En fait, un univers photographique qui, au départ, semble aux antipodes même de ces noces somptueuses et parfumées, de ces unions publiques avec leur cortège de jouvenceaux ou de vieux compagnons et de leur grand banquet majestueux. Je viens vous parler de la photographie de sexe gay. Disons-le crûment, je veux plus exactement vous parler de la photographie de sexe gay dans les toilettes. De « toilet sex », si vous préférez, car ça fait toujours plus « trendy » quand c’est dit en anglais.

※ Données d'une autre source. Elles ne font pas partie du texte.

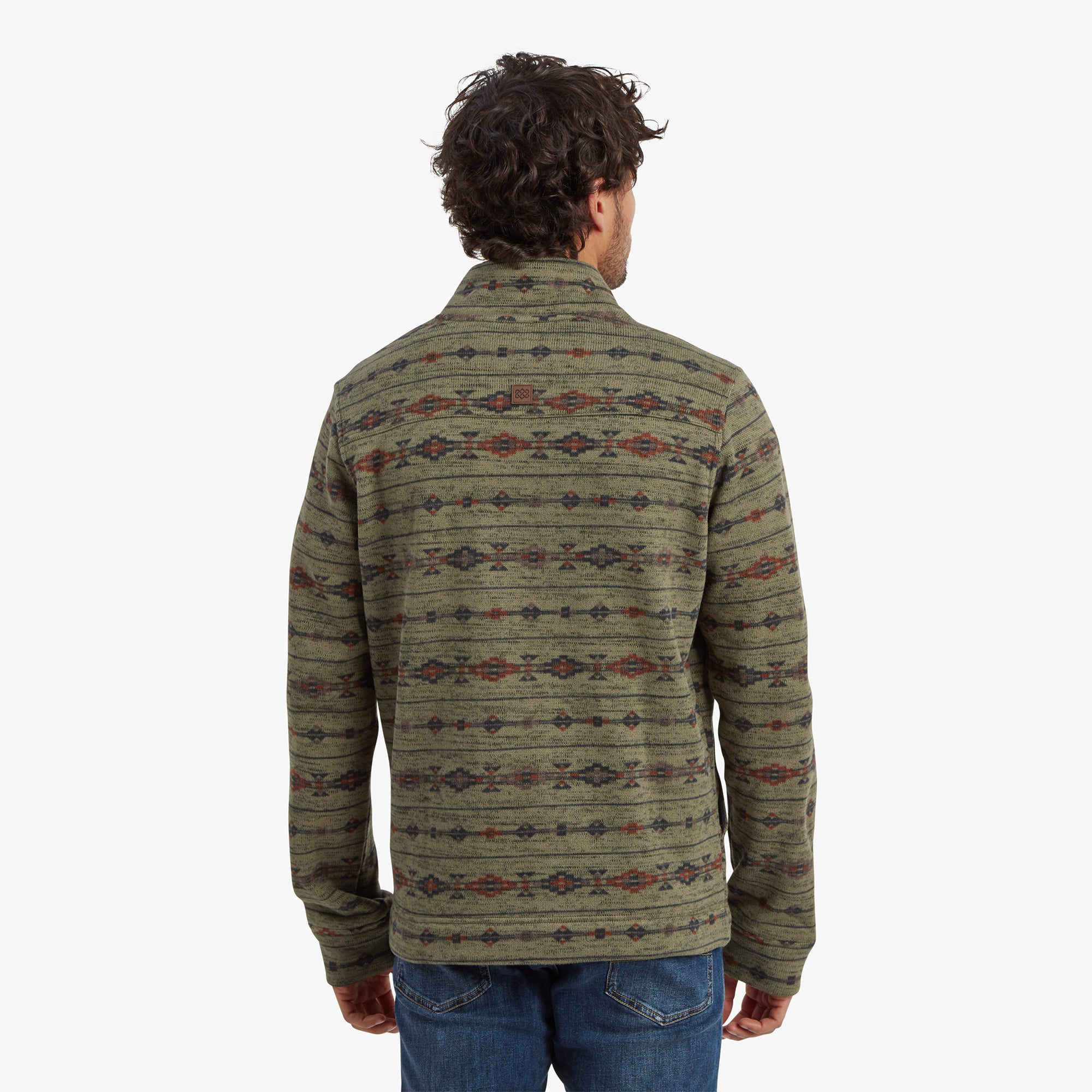 A clear view of the back of the Sherpa Adventure Gear Bhutan Full Zip Jacket in Green, displaying the intricate ethnic-inspired pattern running uniformly across the jacket. The high collar and clean stitching are prominent, complementing the casual blue jeans worn by the model.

Attention je préviens, je ne parle pas des toilettes parfumées et javellisées de chez vous. Non, je parle des toilettes publiques qui font bien publiques, bien sales. Des toilettes publiques et pas toujours bien entretenues. Celles qui dégoûtent et qui écœurent parce qu’elles puent. Le genre de toilettes où tout gay en quête d’aventure et d’inconnus a visité au moins une fois. Le genre de toilettes publiques qui inspirent les backrooms. Les toilettes publiques que l’on retrouvent dans certaines vidéos pornos. Les toilettes publiques où ça baise, en somme ! Mais quel est le rapport entre la photographie de mariage gay et le sexe gay dans les toilettes ? Et bien il existe, figurez-vous. Il faut juste un peu de temps pour le voir, c’est tout.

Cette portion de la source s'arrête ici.